In a speech to the Mortgage Bankers Association Tuesday, Consumer Financial Protection Bureau Director Richard Cordray highlighted the bureau's work in helping the housing economy to recover, while emphasizing to the industry more regulation and oversight remain to come.
Outlining the regulatory actions of the CFPB from 2014 to the present, Richard Cordray emphasized that the cost of compliance, though burdensome for the mortgage industry, was only what it should expect in light of the damage it caused, saying regulations were "inevitable" in light of the "far-reaching" effects of the financial crisis that Congress was trying to fix.
Cordray also noted that the CFPB "bought some critical time" for the industry by introducing the Title XIV regulations on qualified mortgages and the ability-to-repay rule, which gave the industry time to implement discrete parts of the Dodd-Frank Act.
"By adopting a reasonable, good-faith approach, we met the industry halfway," Cordray said, referencing the bureau's approach to industry examinations. He said that the bureau's method was "corrective rather than punitive."
"We and other regulators pledged to be sensitive to good-faith efforst of lenders, and that is precisely what we're doing," Cordray said. "Our initial (findings) indicate that lenders have been making good-faith efforts to comply with the rules."

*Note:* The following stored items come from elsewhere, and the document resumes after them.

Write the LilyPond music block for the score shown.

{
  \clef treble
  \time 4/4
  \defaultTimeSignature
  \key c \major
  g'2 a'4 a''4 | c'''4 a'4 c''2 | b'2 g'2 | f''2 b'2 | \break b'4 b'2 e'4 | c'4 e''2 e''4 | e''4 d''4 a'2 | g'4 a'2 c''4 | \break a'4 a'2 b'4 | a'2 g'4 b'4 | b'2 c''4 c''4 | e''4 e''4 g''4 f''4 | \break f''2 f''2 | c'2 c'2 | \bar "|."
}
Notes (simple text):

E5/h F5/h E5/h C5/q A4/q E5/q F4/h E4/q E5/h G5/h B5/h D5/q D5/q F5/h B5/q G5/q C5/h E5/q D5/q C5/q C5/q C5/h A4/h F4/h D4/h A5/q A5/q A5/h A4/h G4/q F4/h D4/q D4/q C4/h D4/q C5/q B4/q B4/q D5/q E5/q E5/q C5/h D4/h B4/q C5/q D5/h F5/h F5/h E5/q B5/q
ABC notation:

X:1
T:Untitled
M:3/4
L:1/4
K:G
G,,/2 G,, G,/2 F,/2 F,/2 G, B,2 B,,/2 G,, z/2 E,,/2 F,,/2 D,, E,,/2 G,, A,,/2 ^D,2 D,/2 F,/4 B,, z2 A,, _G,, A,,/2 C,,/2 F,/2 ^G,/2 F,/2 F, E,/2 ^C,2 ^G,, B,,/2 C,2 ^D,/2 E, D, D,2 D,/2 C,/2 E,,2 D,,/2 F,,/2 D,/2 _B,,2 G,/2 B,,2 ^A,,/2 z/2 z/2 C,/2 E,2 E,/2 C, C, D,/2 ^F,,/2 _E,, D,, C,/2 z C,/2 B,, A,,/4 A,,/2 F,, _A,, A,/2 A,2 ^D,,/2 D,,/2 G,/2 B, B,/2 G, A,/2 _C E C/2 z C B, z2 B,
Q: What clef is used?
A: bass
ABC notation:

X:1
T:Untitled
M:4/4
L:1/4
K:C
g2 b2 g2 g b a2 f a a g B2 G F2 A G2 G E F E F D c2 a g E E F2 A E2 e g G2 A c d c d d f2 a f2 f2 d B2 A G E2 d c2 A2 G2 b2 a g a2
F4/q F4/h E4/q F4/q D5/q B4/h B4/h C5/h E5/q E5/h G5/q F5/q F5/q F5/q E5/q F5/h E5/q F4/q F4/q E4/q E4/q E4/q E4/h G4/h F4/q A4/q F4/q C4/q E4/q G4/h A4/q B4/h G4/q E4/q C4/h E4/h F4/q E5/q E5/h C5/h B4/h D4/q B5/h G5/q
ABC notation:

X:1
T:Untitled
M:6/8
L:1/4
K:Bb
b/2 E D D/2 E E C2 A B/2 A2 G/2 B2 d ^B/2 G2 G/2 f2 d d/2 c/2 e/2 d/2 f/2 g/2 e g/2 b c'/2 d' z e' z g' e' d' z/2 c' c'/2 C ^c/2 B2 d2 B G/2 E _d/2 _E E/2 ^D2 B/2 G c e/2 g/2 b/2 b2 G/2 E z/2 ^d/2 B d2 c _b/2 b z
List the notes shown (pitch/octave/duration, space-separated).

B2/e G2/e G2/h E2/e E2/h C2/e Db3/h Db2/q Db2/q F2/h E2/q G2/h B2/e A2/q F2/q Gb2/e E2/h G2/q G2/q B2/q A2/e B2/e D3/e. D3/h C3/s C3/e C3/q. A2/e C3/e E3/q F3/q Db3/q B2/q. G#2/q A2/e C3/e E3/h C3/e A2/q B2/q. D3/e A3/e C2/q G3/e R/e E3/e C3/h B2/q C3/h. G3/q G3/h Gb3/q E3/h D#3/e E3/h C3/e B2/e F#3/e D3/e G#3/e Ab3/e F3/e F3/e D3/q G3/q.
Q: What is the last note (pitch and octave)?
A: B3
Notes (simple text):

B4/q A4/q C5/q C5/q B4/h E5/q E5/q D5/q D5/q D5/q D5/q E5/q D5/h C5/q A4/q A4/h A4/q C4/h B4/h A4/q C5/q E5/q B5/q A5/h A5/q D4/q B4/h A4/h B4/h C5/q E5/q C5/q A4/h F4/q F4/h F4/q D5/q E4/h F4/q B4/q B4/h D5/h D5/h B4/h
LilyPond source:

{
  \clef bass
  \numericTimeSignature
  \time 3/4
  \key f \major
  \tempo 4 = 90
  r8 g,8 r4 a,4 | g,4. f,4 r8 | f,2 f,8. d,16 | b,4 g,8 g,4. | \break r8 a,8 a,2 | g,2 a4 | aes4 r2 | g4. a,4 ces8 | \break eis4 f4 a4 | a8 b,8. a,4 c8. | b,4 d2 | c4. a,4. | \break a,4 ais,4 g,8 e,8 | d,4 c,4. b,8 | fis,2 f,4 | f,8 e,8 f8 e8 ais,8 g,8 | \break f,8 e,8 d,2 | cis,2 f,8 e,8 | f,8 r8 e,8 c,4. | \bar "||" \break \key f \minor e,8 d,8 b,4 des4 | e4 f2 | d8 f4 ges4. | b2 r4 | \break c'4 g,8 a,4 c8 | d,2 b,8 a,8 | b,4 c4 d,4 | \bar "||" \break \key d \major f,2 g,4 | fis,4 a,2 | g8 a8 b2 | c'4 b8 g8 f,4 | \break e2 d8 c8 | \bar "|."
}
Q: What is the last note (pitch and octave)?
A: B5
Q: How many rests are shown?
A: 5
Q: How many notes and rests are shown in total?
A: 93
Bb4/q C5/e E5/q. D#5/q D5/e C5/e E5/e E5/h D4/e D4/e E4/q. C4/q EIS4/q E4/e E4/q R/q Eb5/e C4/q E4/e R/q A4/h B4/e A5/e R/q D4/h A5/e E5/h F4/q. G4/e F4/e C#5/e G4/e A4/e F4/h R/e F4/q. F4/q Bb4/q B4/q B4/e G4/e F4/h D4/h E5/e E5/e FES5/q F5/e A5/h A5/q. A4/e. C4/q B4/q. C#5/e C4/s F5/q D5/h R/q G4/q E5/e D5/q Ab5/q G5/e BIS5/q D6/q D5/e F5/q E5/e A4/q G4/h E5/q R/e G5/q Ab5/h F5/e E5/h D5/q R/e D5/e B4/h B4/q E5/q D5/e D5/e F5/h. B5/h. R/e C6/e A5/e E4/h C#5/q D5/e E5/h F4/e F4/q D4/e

Noting the long timeline for implementing the HMDA regulations, part of which take effect starting in January, Cordray said, "Time is passing and no one should be waiting to implement the rule."
Although speaking mainly to lenders, Cordray didn't pass up the opportunity to calll out servicers for their role in the financial crisis. "It is regrettable that much of the damage could have been contained by a more efficient servcing system, but servicers were ill-prepared and unable to address the best interests of their clients — the investors — much less consumers."
He also warned servicers that the CFPB will be monitoring servicer actions in light of the 900-page final servicing rule issued in August and echoed previous comments by the CFPB that while some servicers have made good progress, "many troubling issues persist."
The CFPB took on servicers directly in 2014 at the opening session of the MBA's National Servicing Conference, when Steven Antonakes, former deputy director of the CFPB, said, "Nearly eight years have passed and I remain deeply disappointed by the lack of progress the mortgage servicing industry has made.”
After citing some of the "encouraging signs" of progress in the housing recovery, Cordray revealed three priority areas for enforcement and supervision in the next year:
1. Consumer complaints
Cordray emphasized the importance lenders should be placing on these indicators of how they are serving customers, admonishing lenders to study not only their own internal complaint system, but use the CFPB's complaint database to learn how they can avoid mistakes other lenders are making. He said several times that the bureau considered monitoring and addressing complaints part of "a basic component" of any compliance effort.
While "we could all wish this was a historic injustice of the past," Cordray said, the bureau has identified this as a target for its supervisory work, and has teamed up with the U.S. Department of Justice to bring major enforcement actions against institutions found to be discriminatory in their lending.
3. RESPA violations
The bureau is not backing down in its RESPA enforcement in light of the recent PHH ruling, Cordray said. He noted that the case "is not final at this point" and that the bureau "respectfully disagrees" with the finding. The CFPB will continue to adhere to its 2015 bulletin regarding marketing servicing agreements, Cordray said.